Sandel argues that America needs to enjoin a national dialog about what things should not be subject to the machinations of market exchange. He suggests that we mostly agree that children and kidneys should not be traded to the highest bidder and wonders where we might draw the line? Should the quality of healthcare be allocated on the basis of price? How about education, justice under law, clean water, access to political favor and people’s honest labor?
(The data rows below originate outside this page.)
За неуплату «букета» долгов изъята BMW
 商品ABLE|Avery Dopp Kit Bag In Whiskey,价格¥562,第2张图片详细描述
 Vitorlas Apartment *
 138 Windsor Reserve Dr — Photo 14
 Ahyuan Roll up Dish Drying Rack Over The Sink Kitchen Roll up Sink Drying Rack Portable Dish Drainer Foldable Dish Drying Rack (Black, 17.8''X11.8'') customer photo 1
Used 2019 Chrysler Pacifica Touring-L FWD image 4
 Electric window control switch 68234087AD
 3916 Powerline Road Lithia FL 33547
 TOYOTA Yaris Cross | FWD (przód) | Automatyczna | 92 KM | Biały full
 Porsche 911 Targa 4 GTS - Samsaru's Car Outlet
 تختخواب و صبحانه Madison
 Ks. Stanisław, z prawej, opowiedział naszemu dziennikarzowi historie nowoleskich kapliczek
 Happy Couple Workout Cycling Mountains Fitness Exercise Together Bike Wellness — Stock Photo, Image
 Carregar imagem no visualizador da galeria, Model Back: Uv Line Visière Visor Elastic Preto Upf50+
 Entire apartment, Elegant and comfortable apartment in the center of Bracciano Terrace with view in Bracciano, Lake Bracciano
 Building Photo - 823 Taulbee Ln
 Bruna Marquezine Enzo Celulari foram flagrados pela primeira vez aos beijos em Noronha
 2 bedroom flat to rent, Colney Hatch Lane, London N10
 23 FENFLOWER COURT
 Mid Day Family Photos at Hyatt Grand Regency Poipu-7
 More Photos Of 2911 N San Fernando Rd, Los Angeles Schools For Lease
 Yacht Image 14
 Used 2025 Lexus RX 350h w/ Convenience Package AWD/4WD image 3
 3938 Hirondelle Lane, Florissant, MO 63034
In practice, we all know that differential access to all of these “goods and services” are routinely sold to the highest bidders. What has changed in America over the past 50 years is our attitude toward living in a society in which everything has a price. The sense of shared moral boundaries that tell us what money can and can’t buy have been demolished. The so-called “laws” of market economics have reduced us to billiard balls caroming off one another, each of seeking some advantage in a world in which everything has a price, our very selves included.
I have been making a similar argument for a long time but nobody seems to find it very interesting. Most people seem to believe that the logic of markets is simply a given, like the laws of physics. Few people seem to understand that the “logic” markets is not only immorally amoral but, as discussed in many entries on this blog, actually false.
Sandel calls for a dialog about what should or should not be for sale to the highest bidder and notes that in such a dialog, there will be things about which we will not agree.
“These are moral and political questions, not merely economic ones. To resolve them, we have to debate, case by case, the moral meaning of these goods, and the proper way of valuing them.”
I think Sandel is barking up the wrong tree. We will never be able to sort out on a case by case basis, the moral meaning of some “goods” vs. others. It is the morality of our society that needs sorting out. Who are we as a people? What do we believe constitutes right and wrong, good and bad, in general? And how should we apply our shared sense of right and wrong, good and bad, in our everyday affairs?
A nation of wheeler-dealers auctioning off everything to the highest bidder is no nation at all and such a nation will fall to those nations that have a reliable internal compass that tells them what cannot be bought and sold AT ANY PRICE!